Intel® oneAPI Data Analytics Library
Learn from community members on how to build compute-intensive applications that run efficiently on Intel® architecture.
223 Discussions

## Lipschitz constant for logistic loss function

Beginner
3,181 Views

Hello,

Can anyone please help and verify the  Lipschitz constant formula at the bottom of  the page  https://software.intel.com/en-us/daal-programming-guide-logistic-loss ?

Currently, in the Developer Guide document the upper bound for logistic loss Lipschitz constant is specified as max||xi||2 + λ2/n

However,  it could be shown that logistic loss Hessian spectral norm upper bound (rough) is rather max||xi||22 + λ

Thanks,

Dmitry

4 Replies
Moderator
3,181 Views

Hi,

We are forwarding this case to technical experts.They will assist you shortly.

Thanks

Employee
3,181 Views

Hello, Dmitry

Thanks for reporting this statement! Seems instead of  max||xi||2  we should use  max||xi||22 , it was misprint.
λ2 scaling was  done to align sklearn regularization penalty value. (https://github.com/scikit-learn/scikit-learn/blob/master/sklearn/linear_model/_sag.py#L78)

Note: Lipschitz constant is used only for SAGA algorithm, for calculation optimal step size.

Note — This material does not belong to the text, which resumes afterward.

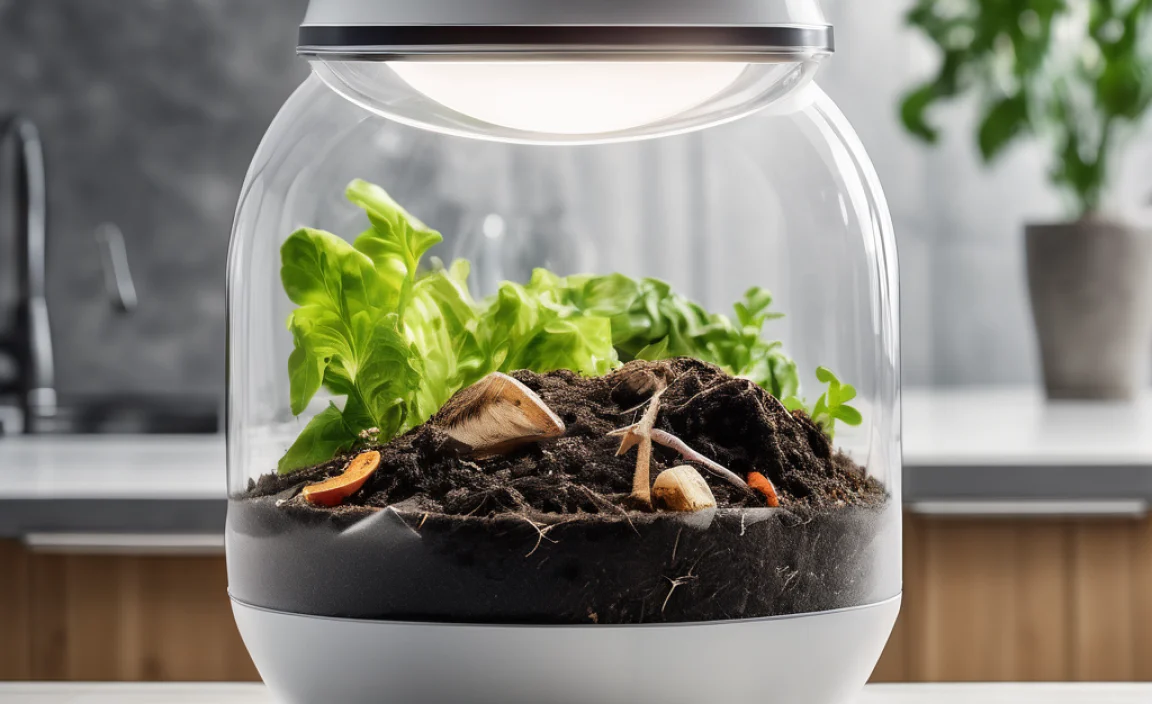Getting Started with Home Composting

https://hal.inria.fr/hal-00860051/document

Best regards,

Kirill

Beginner
3,181 Views

Hi Kirill,

Thanks for getting back to me.

Couple of thoughts about  Lipschitz constant:

1. Please note, that in the formula for logistic loss (https://software.intel.com/en-us/daal-programming-guide-logistic-loss) the regularization term is not divided by n, as the preceding sum term.  As a result, if you plug in zero design matrix into the formula(with no intercept), you will get Hessian exactly 2*λ*E and norm of the Hessian is 2*λ - it is a sharp upper bound. Obviously,  λ/n is less than 2* λ. (In my first post I omitted multiplier 2 since normally quadratic term is divided by 2)
2. In the original paper https://arxiv.org/pdf/1407.0202.pdf the L2 regularization term is a part of sum, as it is a smooth component and therefore divided by n. That could be the source of λ/n term.
3.  The max||x||2 is a pretty much rough upper bound for the Lipschitz constant. As a result, the step size is small and the convergence rate may not be optimal.  In my experiments decreasing Lipschitz constant may improve SAGA algorithm performance.

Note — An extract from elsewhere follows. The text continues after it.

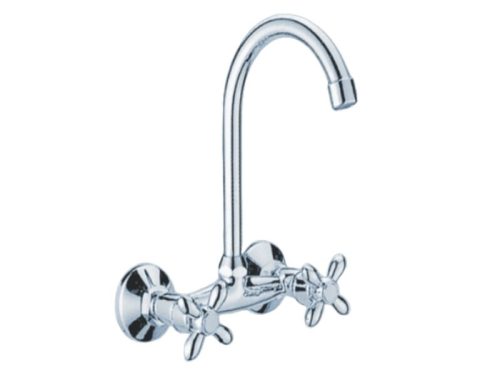 Vòi rửa bát nóng lạnh Gorlde 2401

I would like to know your opinion, since I am implementing a custom objective function for the SAGA algorithm and looking for high performance computing with large data sets.

Best regards,

Dmitry.

Employee
3,181 Views

Hello, Dmitry

Currently, algorithm supports parameter 'learningRateSequence' (https://software.intel.com/en-us/daal-programming-guide-computation-13), if we see some performance improvements with another step size, DAAL library provides options to use this advantages. For reason of conformance with sklearn library we can`t change this automatic step selection, however 'learningRateSequence' parameter is provided.

About source of scaling λ term by n  I think it make sense.

Best regards,

Kirill